## Data section
────────────────

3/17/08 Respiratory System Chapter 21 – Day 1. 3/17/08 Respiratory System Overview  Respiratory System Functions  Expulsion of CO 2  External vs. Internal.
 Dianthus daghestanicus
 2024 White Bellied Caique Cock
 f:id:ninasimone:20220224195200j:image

────────────────

## The task
The answer should be the full listing, repeated without any change.

## Solution to this problem
3/17/08 Respiratory System Chapter 21 – Day 1. 3/17/08 Respiratory System Overview  Respiratory System Functions  Expulsion of CO 2  External vs. Internal.
 Dianthus daghestanicus
 2024 White Bellied Caique Cock
 f:id:ninasimone:20220224195200j:image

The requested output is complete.